The phenomenal commercial success of the lutino and pied after they were imported into Europe opened the eyes of many bird breeders as to the scarcity and value of these strangely coloured parrots.
People who managed to acquire pairs of these new coloured cockatiels found that they were in a position to, metaphorically, breed money.
The demand for these cockatiel bird mutations was so great that most breeders found that they needed a waiting list for prospective buyers. The prices asked and received were ridiculous and cockatiel birds had become big business.
Obviously, once the overall numbers of these cockatiel mutations increased, their value was diminished.
By the 1960’s knowledgeable people actively sought to acquire any abnormally coloured cockatiels they could find.
The Dutch and the Belgians seem to have been most successful in this search.
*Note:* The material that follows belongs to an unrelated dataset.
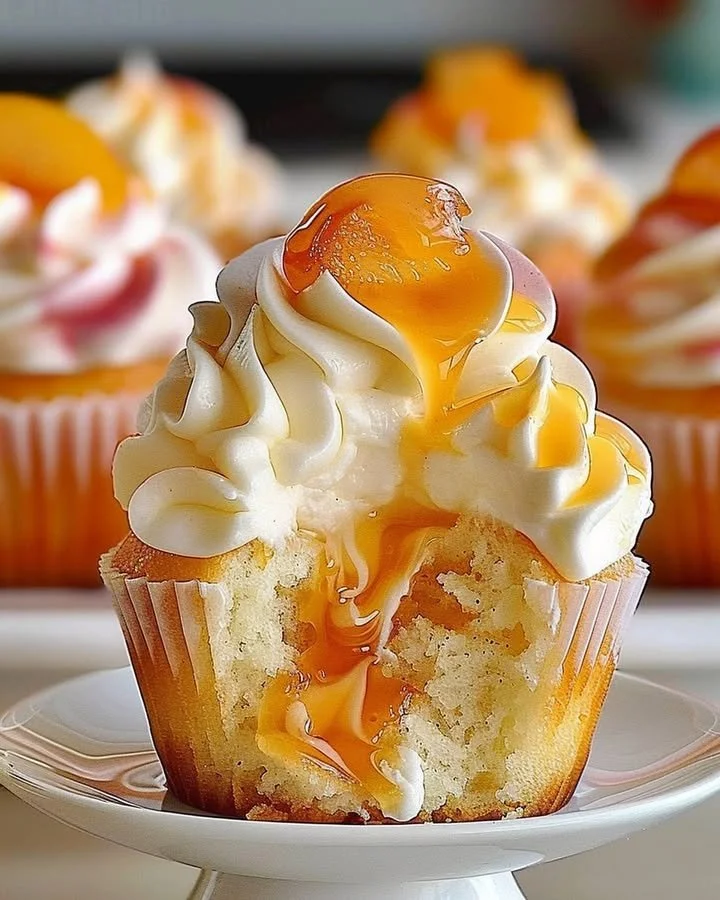 Delicious peach cupcakes with peach frosting on a decorative plate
It was also them who largely developed the deep canary shade of selected lutinos. They were also partly responsible for developing the opaline (pearled or lace) variety. The cinnamon was found in 1968 in Belgium and the red-eyed or fallow the year after that.
Of course, now breeders had a much better understanding of genetics and could now perfect their management so that now there was no comparison with the early history of the pied and lutino mutations which had taken years and years to become established in any quantity.
The market for cockatiels collapsed by 1975 and it would have collapsed a few years earlier were it not that the South African government coincidently eased the restrictions on the importation of the birds. This conveniently emptied the birds from European aviaries.
Birds were also stolen often, and it is said that the originator of the red-eyed silver lost his entire stock to thieves.
At present, the price of any cockatiel bird bought from the breeder is about twice or three times more than a perfectly coloured grey cockatiel. The exception is fallow or red-eyed which retails at about ten times the value of a normal cockatiel.
The money-making phase that cockatiel mutations went through has been beneficial for aviculture.
It has brought the breeding of captive parrots from a hit or miss affair to become practically a science.
For the first time, breeders began to give thought to the nutrition of the parents and the chicks. They now provide more suitable nest-boxes and tried to completely supervise the entire breeding cycle.
Prior to this breeders never used to interfere, because it might have caused the parents to desert the chicks. The is definitely more to parrot breeding that simply having a breeding pair, a nest box and plenty of patience.